Recently, there was a discussion on the Media Ecology Association discussion list about audiobooks, whether or not one actually “reads” an audiobook, whether listening to audiobooks is cognitively different than reading a book, etc. At some point, the discussion turned to what kind of orality an audiobook is. At some point, it was suggested by a prominent Ongian that primary orality refers not only to cultures before writing exists, it also refers to the “technologically unaided human voice in all subsequent times and places where writing had been introduced and used. ” So, while audiobooks would be secondary orality, it was suggested that an adult reading out loud to a child would be primary orality. I replied:


If primary orality is, as I understand it, orality that exists only when there is no knowledge of writing systems, then reading out loud to a live audience *can't* be primary orality. The fact that something is being read to an audience means that the audience knows writing exists *and* the text is *written*, meaning that the words on the page if not the text itself is the product of someone who is literate, and, moreover, the reading itself is being done by someone who is literate. We could maybe imagine a scenario in which a primary oral performance (one from a culture that has no knowledge of writing systems) was secretly recorded, transcribed, and then read aloud, but even then I'd suggest that the performer/reader could never unlearn their literate habits of mind and, therefore, the reading would *not* be an instance of *primary* orality. The reading, however, would be an oral performance.

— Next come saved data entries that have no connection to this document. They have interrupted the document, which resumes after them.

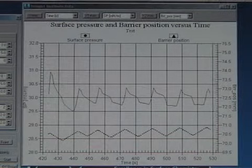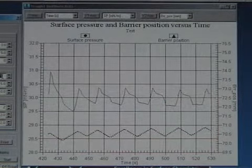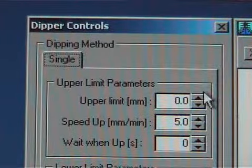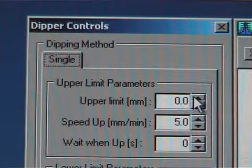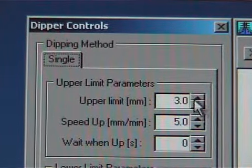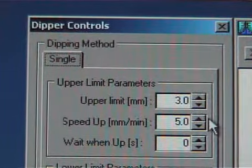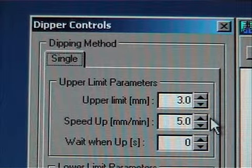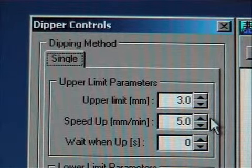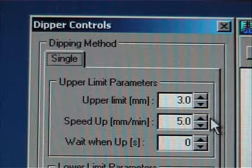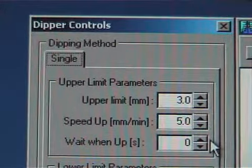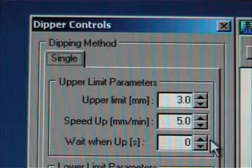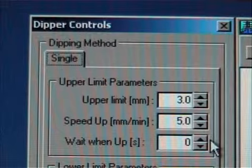The upper limit should be set so that the sample doesn't touch the surface at all. The speed up value is the speed of the dipper arm when the sample is lifted and usually 5mm per minute is suitable. The wait when up value is the time that is waited before a new dipping is started and is only used when multiple cycles are done.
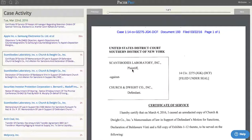You go to a client meeting at 3, and by the time you get back to your desk at 6, your email inbox has exploded. A mix of client requests, emails from colleagues, and a bunch of notifications of new filings from the court. You know things have happened in your cases, but you don't know what.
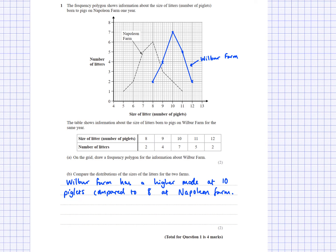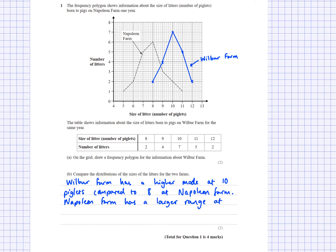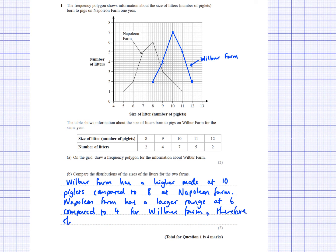The second mark is for comparing a measure of spread. When looking at frequency polygons, use the range because you can clearly see it visually. So: Napoleon Farm has a larger range at 6 compared to 4 for Wilbur Farm, therefore they vary more.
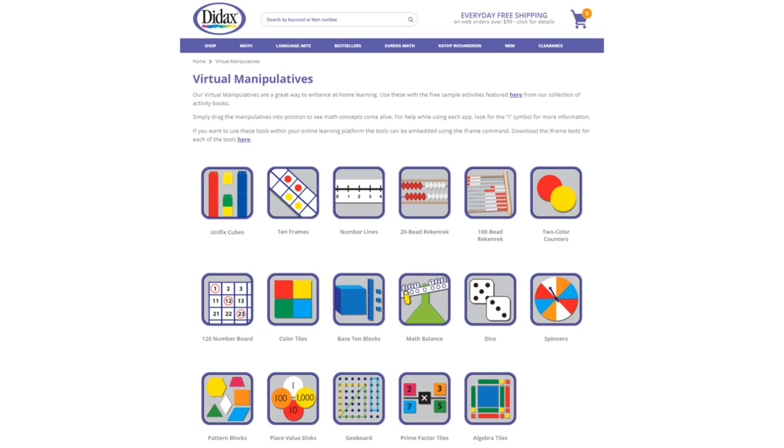Today, we're going to look at the features of one of our free virtual manipulatives available on the DIDAX website. You'll find a link to these tools right on our homepage, as well as some free activities that use the manipulatives.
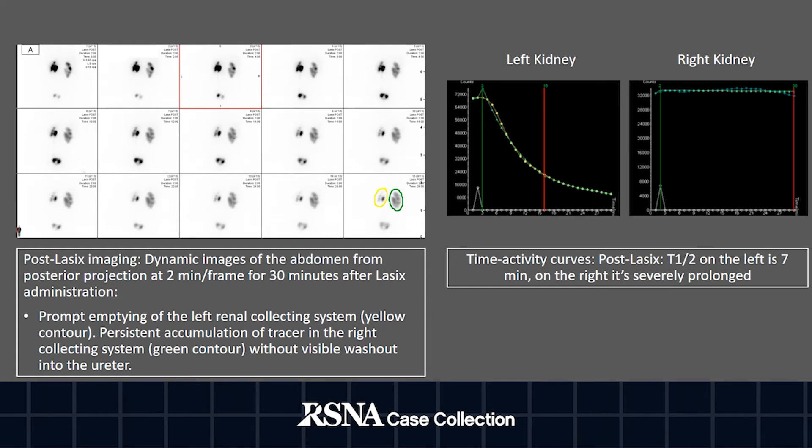On the right, however, there is persistent accumulation of tracer in the collecting system without visible washout into the ureter. This reflects in a very prolonged post-Lasix half time and is consistent with significant obstruction.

We need to remember 1) the medium of transmission and reception does not govern the social-cultural (noetic) matrix, and 2) oral traditions are not necessarily tied to primary orality. One of the major revisions of oral tradition over the last 30 years is the understand that one can be both an oral poet and be literate, that it's not an either/or situation (I believe the best overall summary of this is still John Miles Foley's _How to Read an Oral Poem_).

I would argue that one should not define secondary orality as an audio recording of a book being read aloud. Secondary orality, like primary orality, is not about medium. It's about noetics. Radio, television,
talkies, audiobooks, etc. create a cultural situation in which we have widespread broadcasting of literate noetic practices, and this means that people who have never learned to read are able to interiorize these literate noetic practices, thereby effectively becoming noetically literate. *That* is what secondary orality is.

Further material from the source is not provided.